Only the lines from the one with "An image depicting" to the end of the listing below should be set down, exactly as written and without any pictures.
..............................
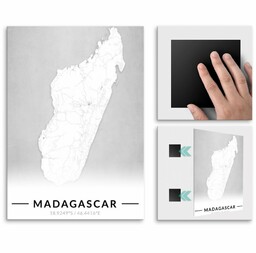 Plakat metalowy Mapa B&W Madagaskar L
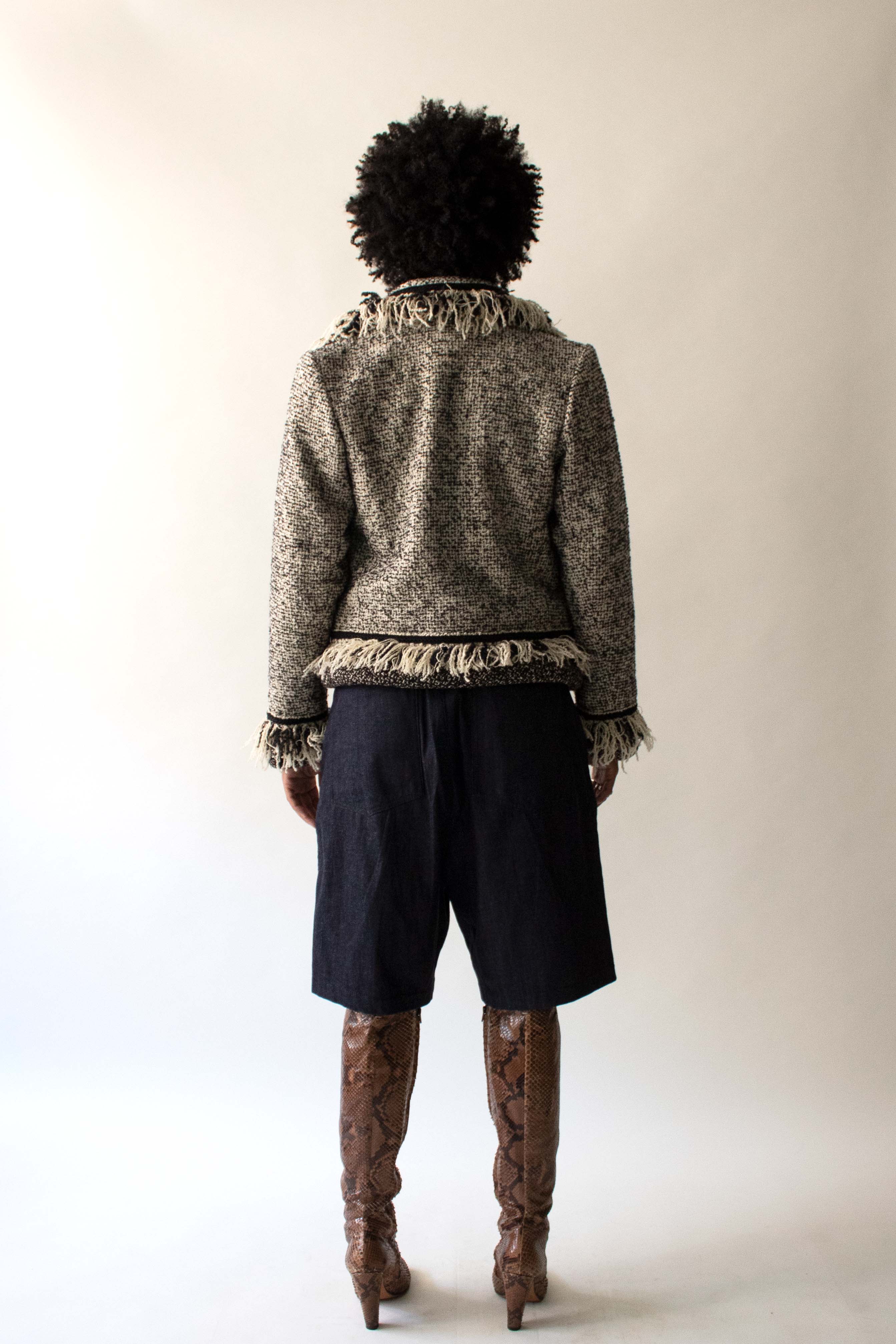 Yves Saint Laurent Black and White Boucle Wool Blend Jacket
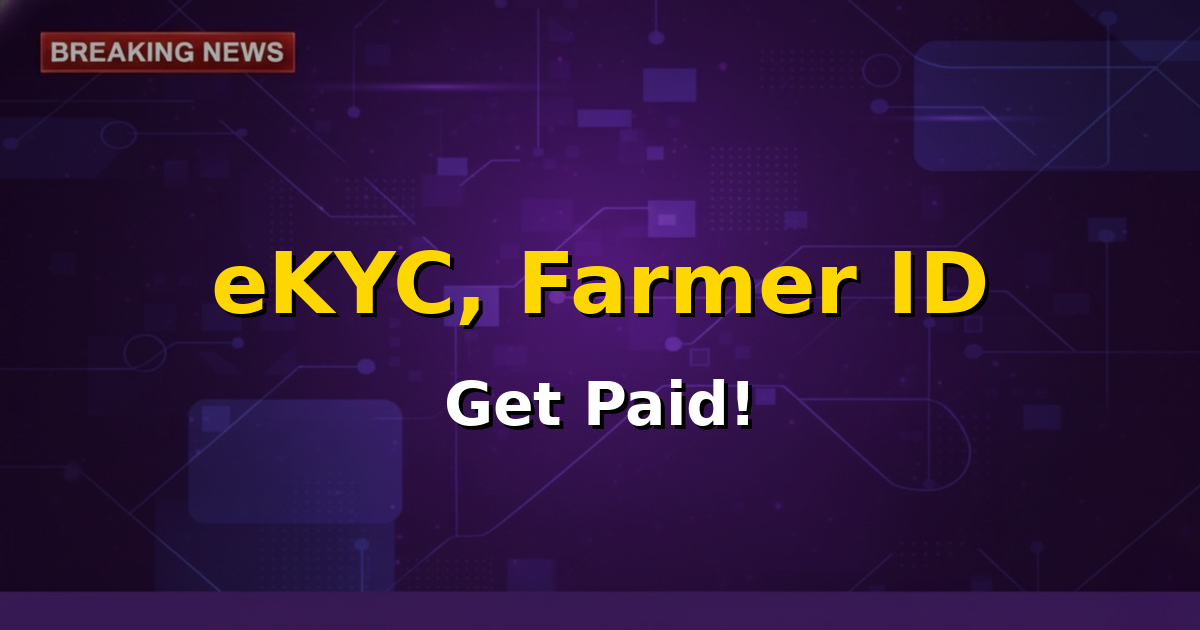 An image depicting a farmer smiling, holding an Aadhaar card and a mobile phone, with the PM Kisan logo in the background, symbolizing successful eKYC and Farmer ID completion for the 22nd installment.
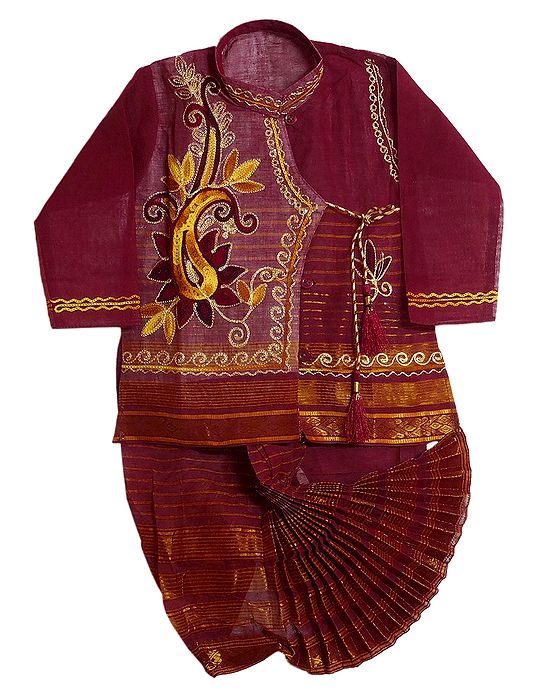 Krishna Embroidered Red Kurta And Dhoti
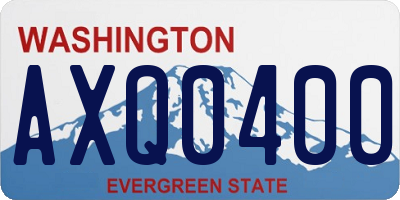 WA license plate AXQ0400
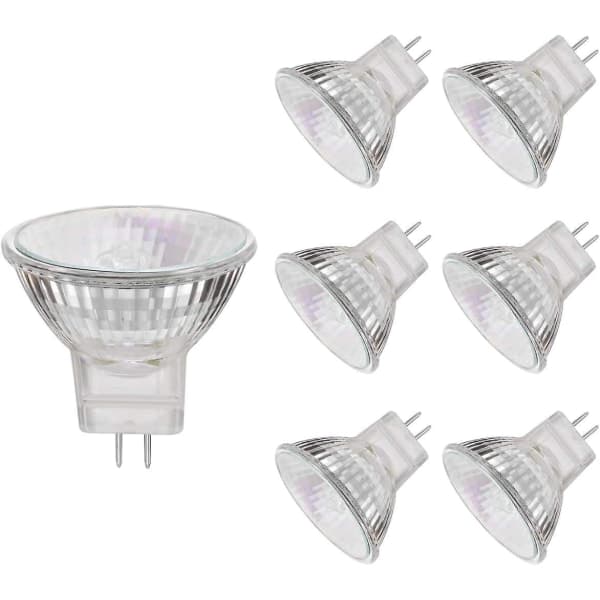 MR11 halogenpærer, 20W 12V MR11 GU4 halogenpære, varmhvit, 6 stk.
..............................
* **ANSWER TO THE EXERCISE**:
 An image depicting a farmer smiling, holding an Aadhaar card and a mobile phone, with the PM Kisan logo in the background, symbolizing successful eKYC and Farmer ID completion for the 22nd installment.
 Krishna Embroidered Red Kurta And Dhoti
 WA license plate AXQ0400
 MR11 halogenpærer, 20W 12V MR11 GU4 halogenpære, varmhvit, 6 stk.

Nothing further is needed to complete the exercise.